Sedolisin
The sedolisin (MEROPS S53) family of peptidases are a family of serine proteases structurally related to the subtilisin (S8) family. Well-known members of this family include sedolisin ("pseudomonalisin") found in Pseudomonas bacteria, xanthomonalisin ("sedolisin-B"), physarolisin as well as animal tripeptidyl peptidase I. It is also known as sedolysin or serine-carboxyl peptidase. This group of enzymes contains a variation on the catalytic triad: unlike S8 which uses Ser-His-Asp, this group runs on Ser-Glu-Asp, with an additional acidic residue Asp in the oxyanion hole.

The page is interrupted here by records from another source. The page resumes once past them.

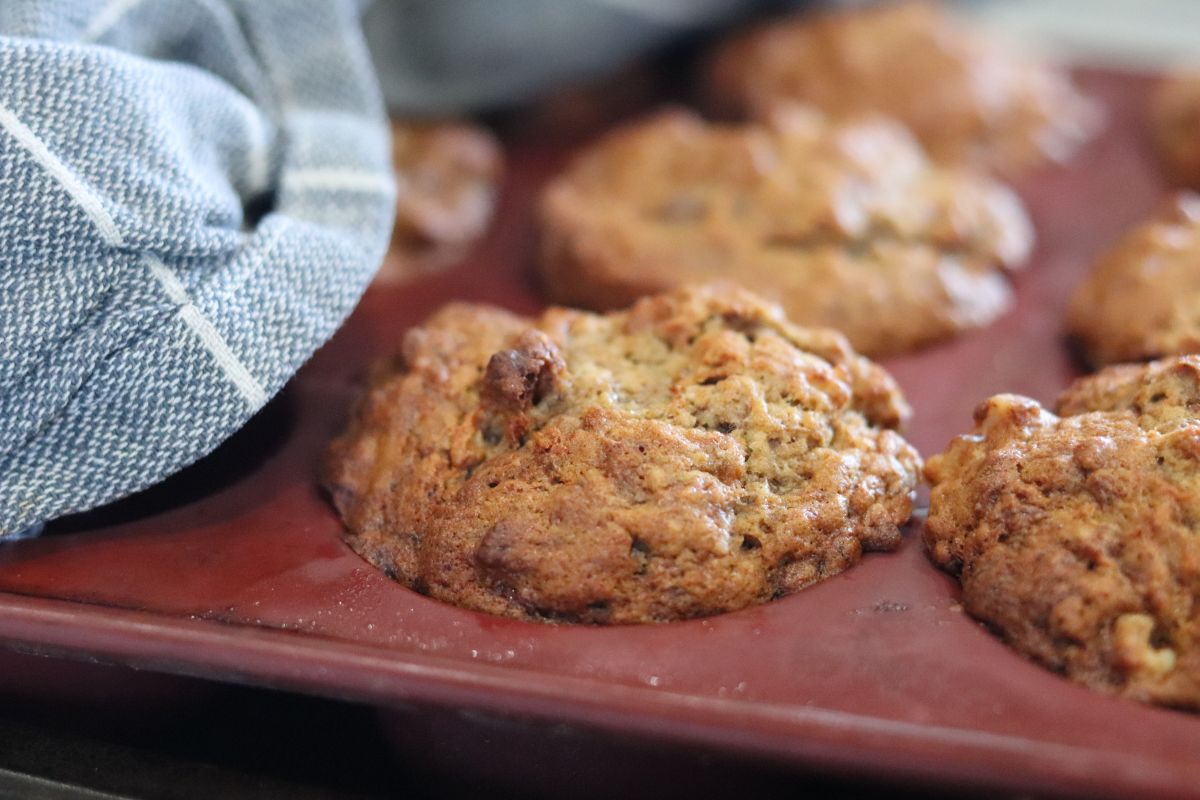 Easy banana muffins (with walnuts just for fun)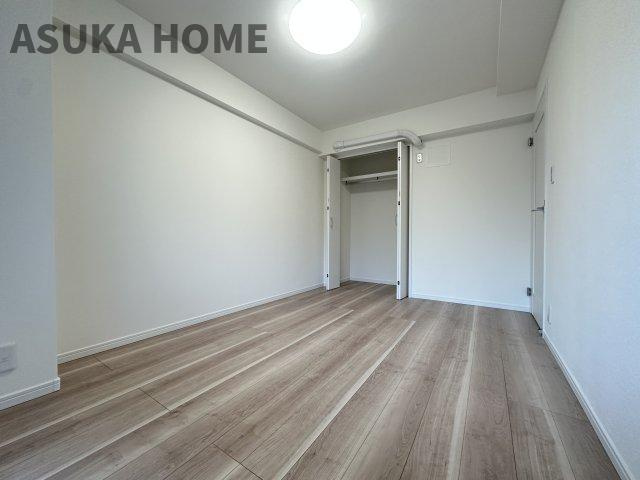 綱島ダイヤモンドマンションの洋室|隣はリビングダイニングなので仕切りを開ければ16帖超えの広さになります。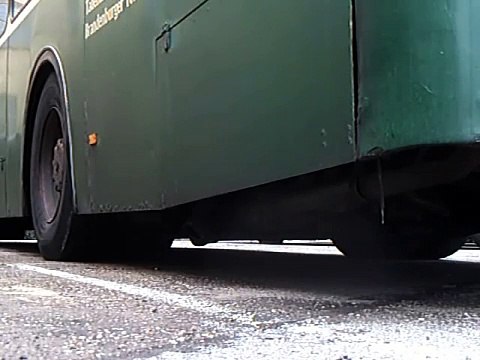 Bus Winter Kaltstart Abgase / Bus winter cold start fumes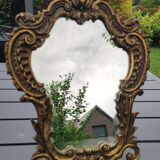 Victorian style table mirror. Decor Rinceaux, curved foot. In bronze patina old gold. 27 x 20 cm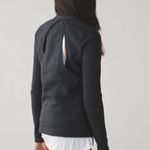 Lululemon  &go Endeavor Long Sleeve Sweatshirt in Heathered Black Size 6 Photo 5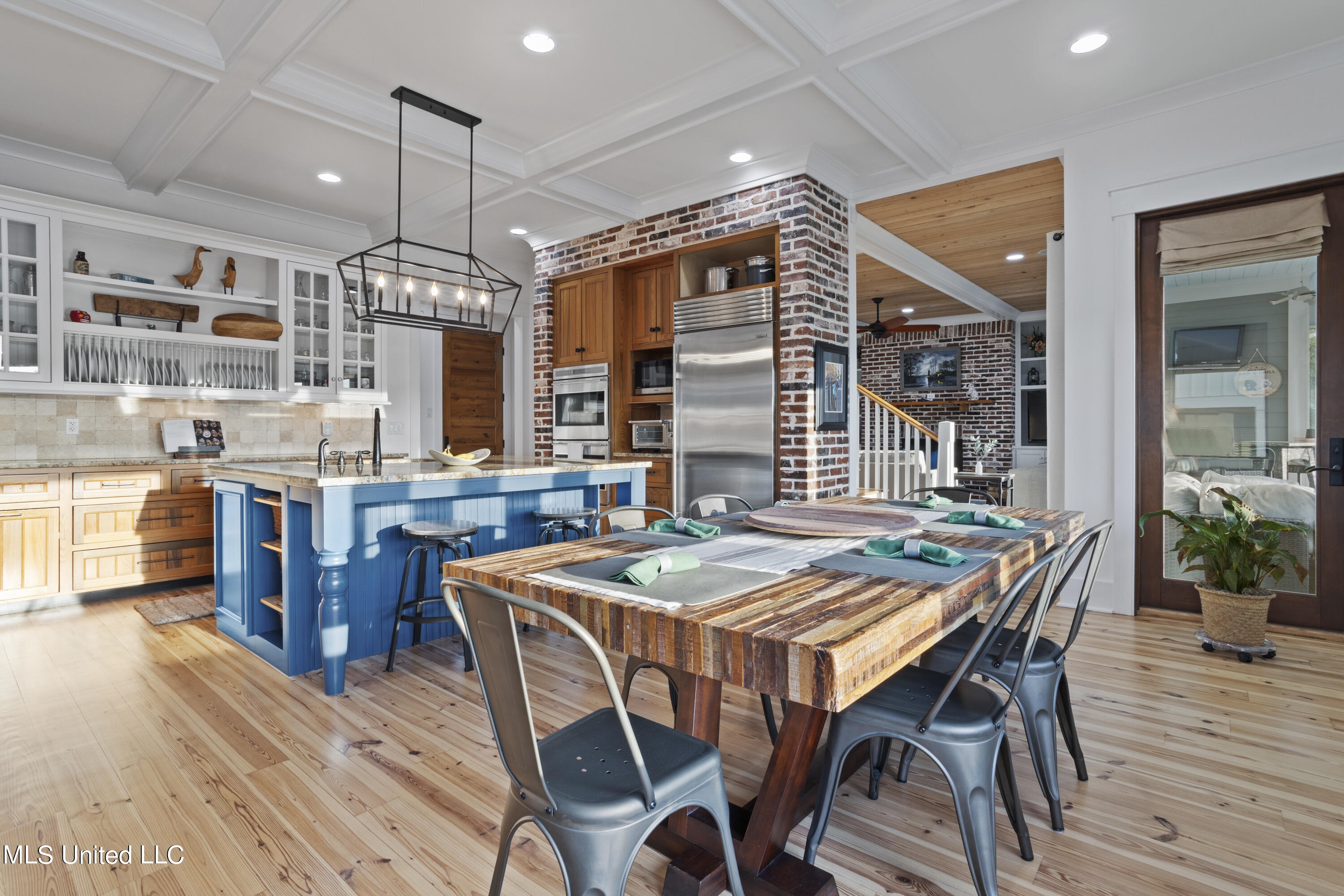 9380 Ridgeview Drive Ocean Springs, MS 39564 - Photo 23 of 69 Dining Area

| S8/S53 domain | |||||||||
|---|---|---|---|---|---|---|---|---|---|
| Identifiers | |||||||||
| Symbol | Peptidase_S8 | ||||||||
| Pfam | PF00082 | ||||||||
| InterPro | IPR000209 | ||||||||
| PROSITE | PDOC00125 | ||||||||
| CATH | 1GA6 | ||||||||
| SCOP2 | 1GA6 / SCOPe / SUPFAM | ||||||||
| CDD | cd07477 | ||||||||
| |||||||||
Their optimal pH is around 3. Most members of the family are produced as a precursor protein with N-terminal (InterPro: IPR015366) and sometimes C-terminal peptides that need to be cleaved off.